Calculating Quartiles in Analysis Services

Histogram with quartiles

Histogram with quartiles

In SQL Server Analysis Services 2008, there is a native Median function in MDX, but no native Quartile function. If you need to calculate quartiles, there are a few different ways to do this. You can either use native Excel functions, code the quartile algorithm in MDX or write the algorithm as an SSAS stored procedure in .NET. In this post, I cover each of these options and provide sample code for the MDX and stored procedure options.

Excel Function

The first option is to use the Excel QUARTILE() function. Many native Excel functions can be used directly from MDX via  the EXCELMDX assembly that ships with Analysis Server. One immediate problem with this is that you must have a copy of the desktop Excel client installed on the SSAS server. In many environments, this may not be an option. Even if it were possible to install Excel on the server, I’d be concerned that there could be a performance issue with SSAS having to launch EXCEL.EXE processes and then make out-of-process COM calls for every calculation. For these reasons, I have not tried to use Excel functions. If this is something that you need to use, it’s my understanding that you need to use SetToArray() if you want to pass the values of a set to an Excel function that expects an array parameter.

MDX

The second option for calculating quartiles is to implement the algorithm in MDX. Before you do this, you’ll ovbiously need to pick a quartile algorithm. In the absence of specific requirements, it was a safe bet to assume that most of my users were going to expect that my results match what they could produce in Excel, so I chose to use the Excel algorithm in the query below.
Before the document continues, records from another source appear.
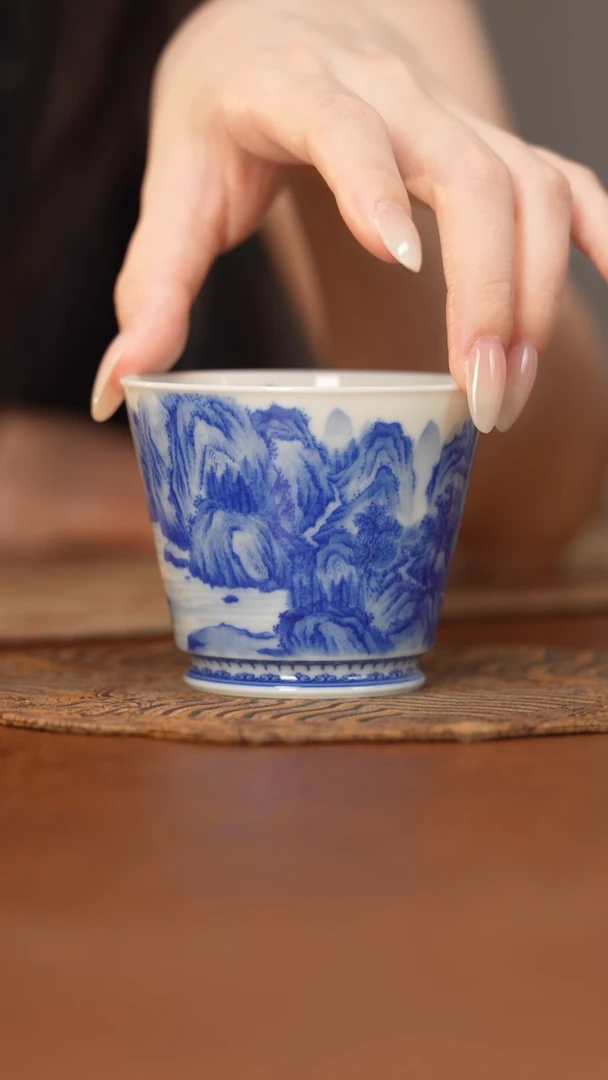 杯看山柴窑青花山水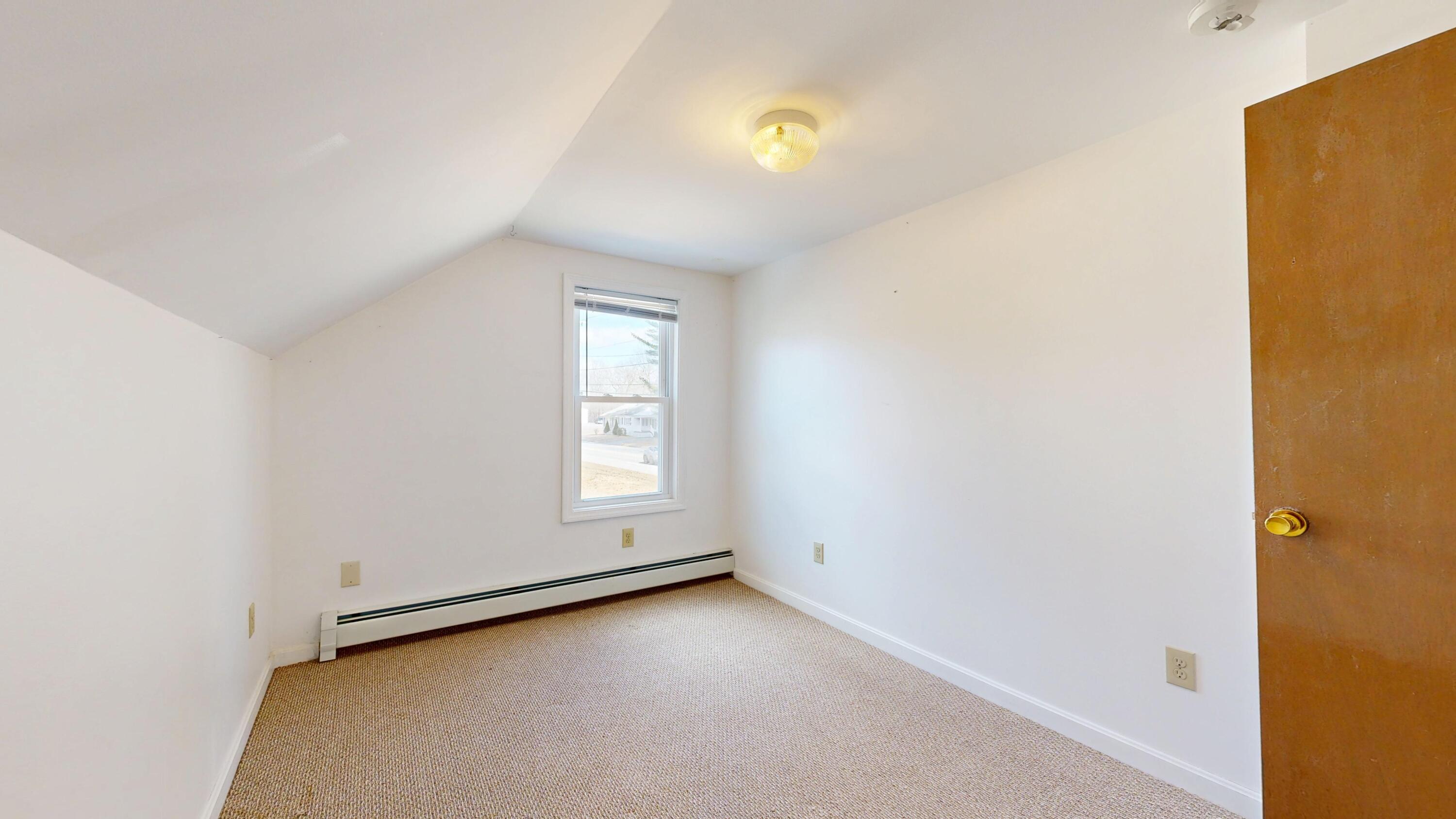 537 Riverside Drive Auburn, ME 04210 - Photo 25 of 46 537-Riverside-04022025_103355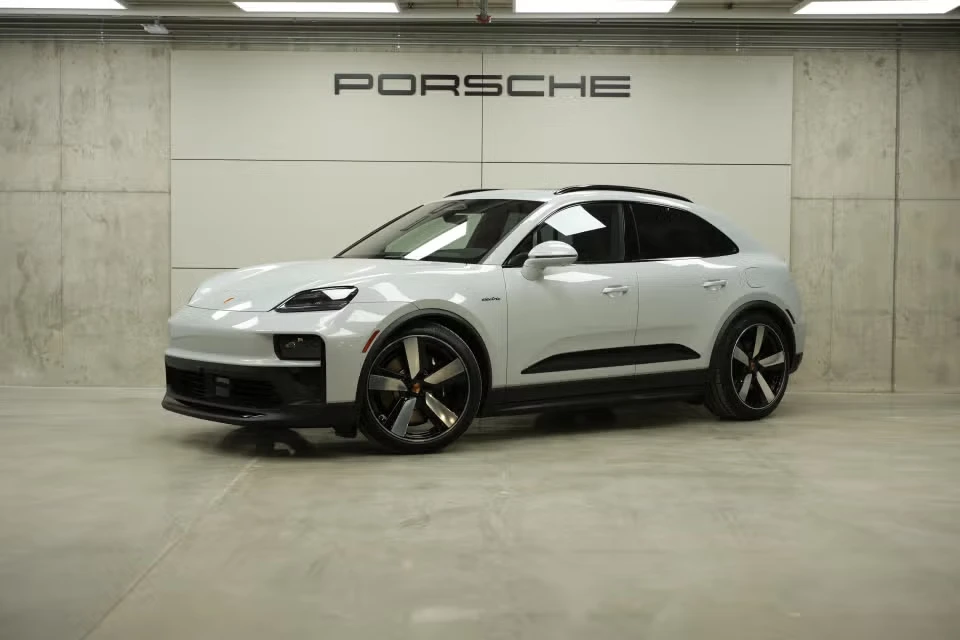 2026 Porsche Macan Electric - Image 3 of 31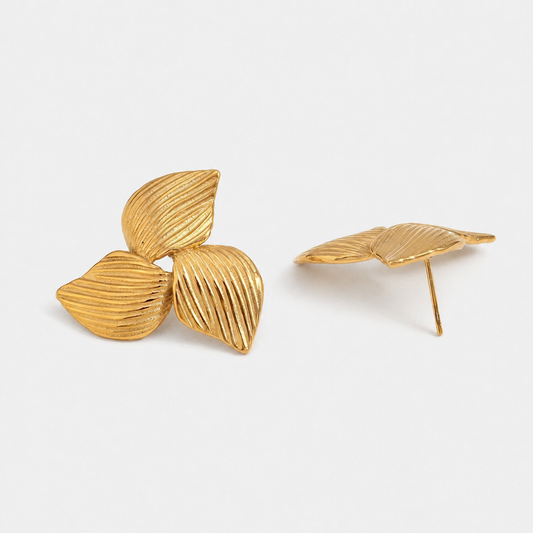 Trio in Bloom Floral Drop Earrings — Gold — Vessaly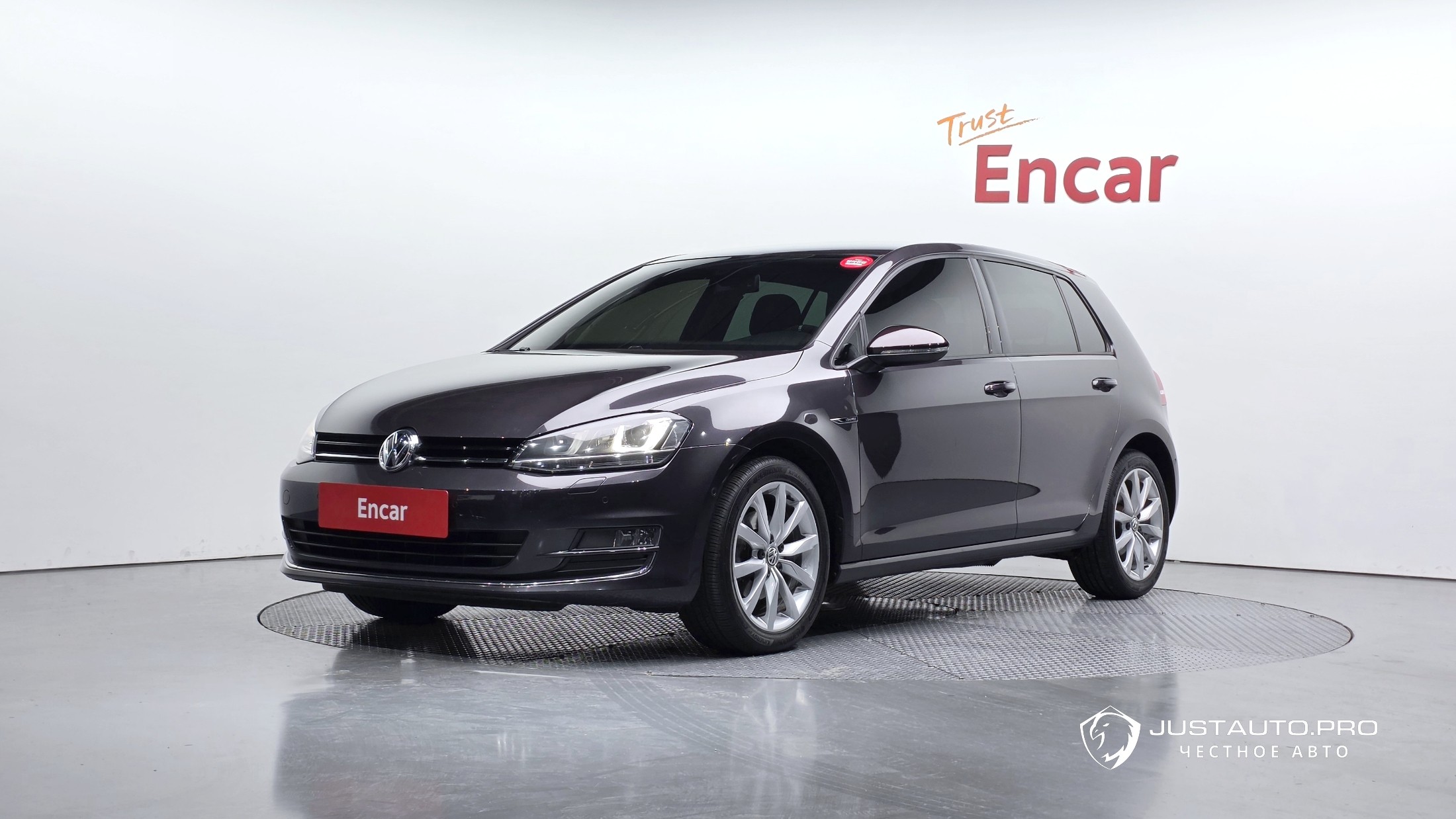 Автомобиль Volkswagen Golf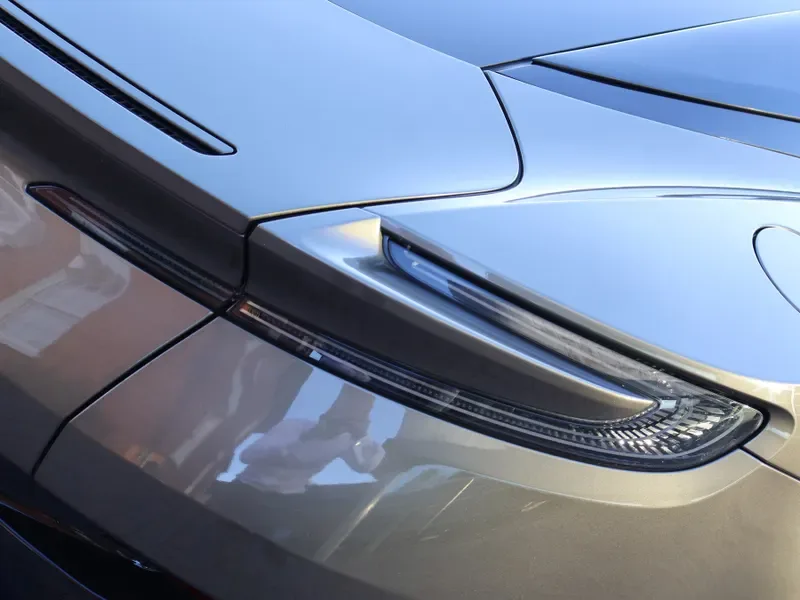 2022 Aston Martin DB11 V8, 12/30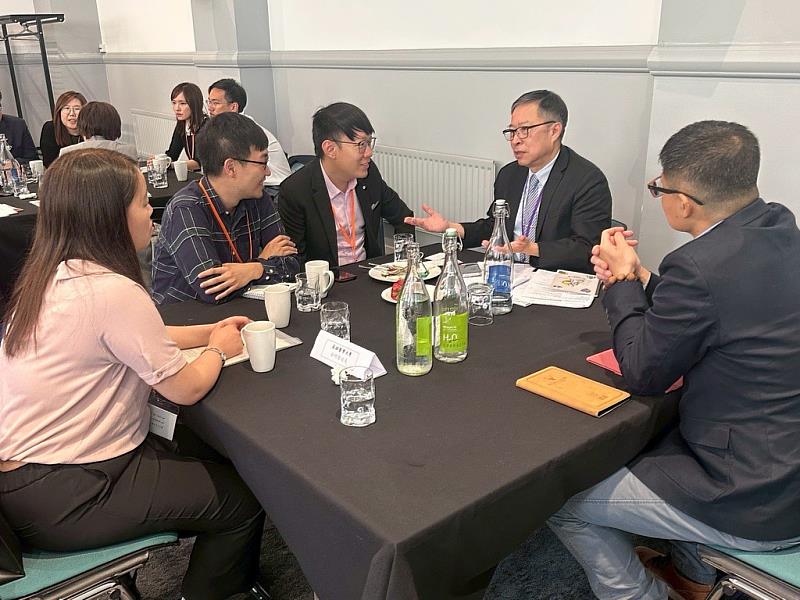 高雄醫學大學校長余明隆現場與多位國際學人進行深入交流,並進行初步媒合與職涯諮詢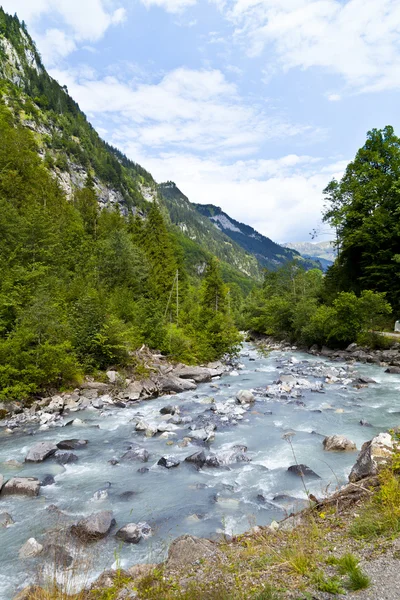 Piccolo fiume nel Blausee — Foto Stock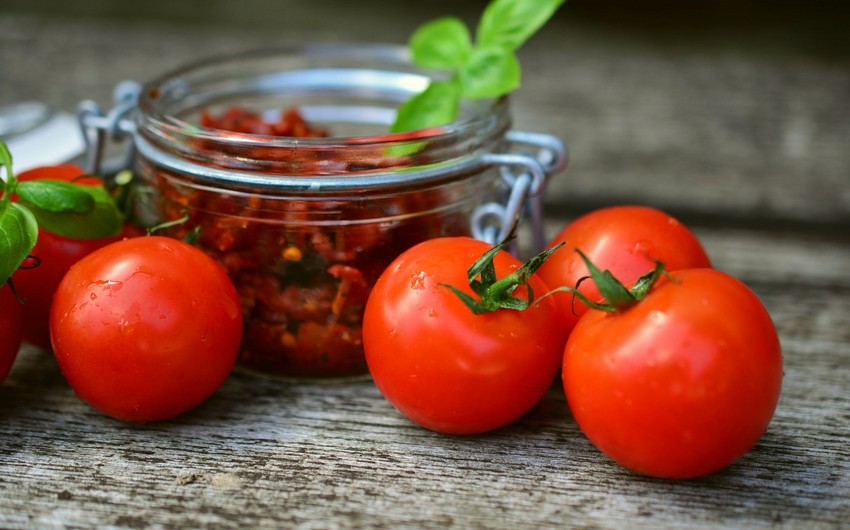 Азербайджан увеличил экспорт помидоров на 25%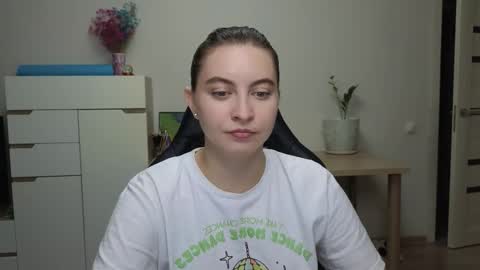 Alice online show from December 2025 04:45:02 PM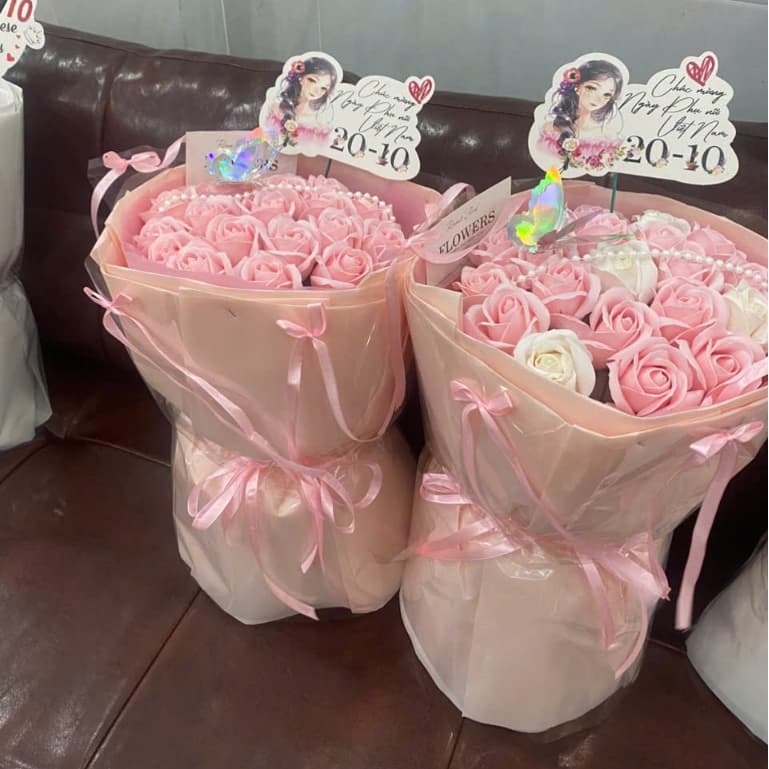 ( baner 20/10) ( Mẫu mới hot) Bó hoa sáp  hàn quốc 20 bông bọc giấy bóng kính  kèm banner 20/10 tặng quà dip 20/10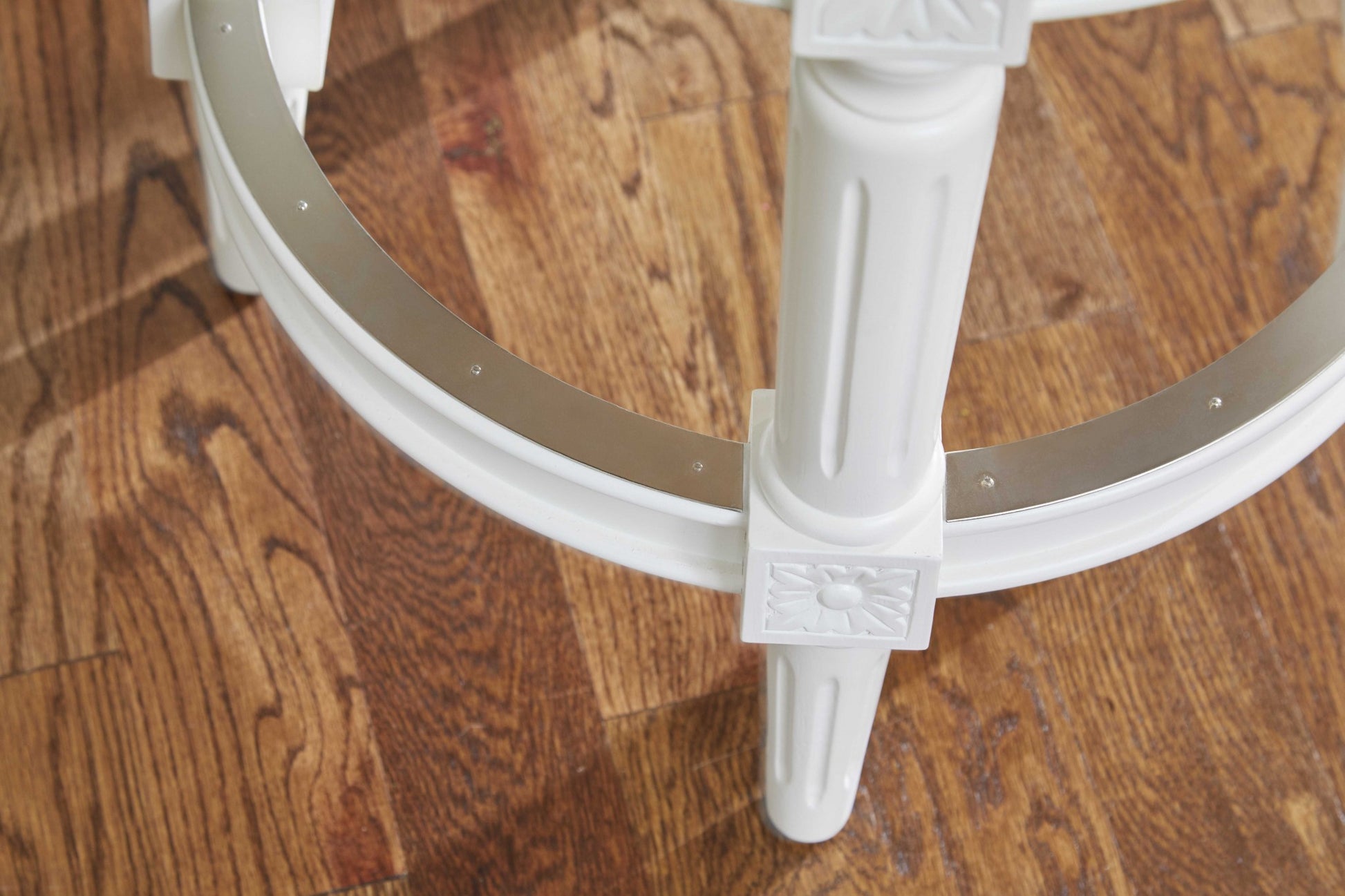 26" White Solid Wood and Fabric Backless Counter Height Swivel Bar Chair-Bar Chairs-DECOROLALA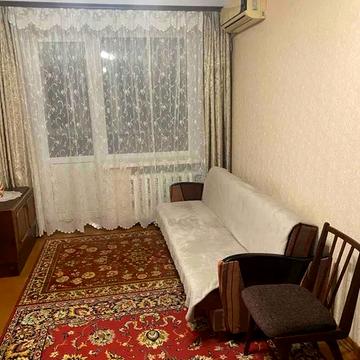 Юліана Матвійчука вул. (), 77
WITH SET OrderedData AS ORDER(
	NONEMPTY([Product].[Product].[Product], [Measures].[Internet Sales Amount]),
		[Measures].[Internet Sales Amount], BASC)

MEMBER [Measures].[RowCount] AS COUNT (OrderedData)

MEMBER [Measures].[i25] AS ( .25 *  ( [RowCount] - 1 ) ) + 1
MEMBER [Measures].[i25Lo] AS FIX([i25]) - 1
MEMBER [Measures].[i25Rem] AS ([i25] - FIX([i25]))
MEMBER [Measures].[n25Lo] AS (OrderedData.Item([i25Lo]), [Internet Sales Amount])
MEMBER [Measures].[n25Hi] AS (OrderedData.Item([i25Lo] + 1), [Internet Sales Amount])
MEMBER [Measures].[Quartile1] AS [n25Lo] + ( [i25Rem] * ( [n25Hi] - [n25Lo] ))
	,FORMAT_STRING='Currency'

MEMBER [Measures].[Quartile2] AS MEDIAN(OrderedData, [Internet Sales Amount])
	,FORMAT_STRING='Currency'

MEMBER [Measures].[i75] AS ( .75 *  ( [RowCount] - 1 ) ) + 1
MEMBER [Measures].[i75Lo] AS FIX([i75]) - 1
MEMBER [Measures].[i75Rem] AS ([i75] - FIX([i75]))
MEMBER [Measures].[n75Lo] AS (OrderedData.Item([i75Lo] ), [Internet Sales Amount])
MEMBER [Measures].[n75Hi] AS (OrderedData.Item([i75Lo] + 1), [Internet Sales Amount])
MEMBER [Measures].[Quartile3] AS [n75Lo] + ( [i75Rem] * ( [n75Hi] - [n75Lo] ))
	,FORMAT_STRING='Currency'

SELECT {[Measures].[Internet Sales Amount], [Measures].[Quartile1],
    [Measures].[Quartile2], [Measures].[Quartile3]}  ON 0 ,
    {[Product].[Product].&[486]} ON 1
FROM [Adventure Works]

This query compares the Internet Sales Amount of a product (&[486] , “All-Purpose Bike Stand”) from the Adventure Works sample database to the quartile values of its peers. It works, but it is a lot of code to have to repeat if you need to calculate quartiles over many different measures, members or sets. It’s entirely possible that there’s a simpler or more generalizable way to do this, but this was the best I was able to come up with.

Stored Procedure

The last alternative for calculating quartiles is to write an SSAS stored procedure in a .NET language and call it from within MDX.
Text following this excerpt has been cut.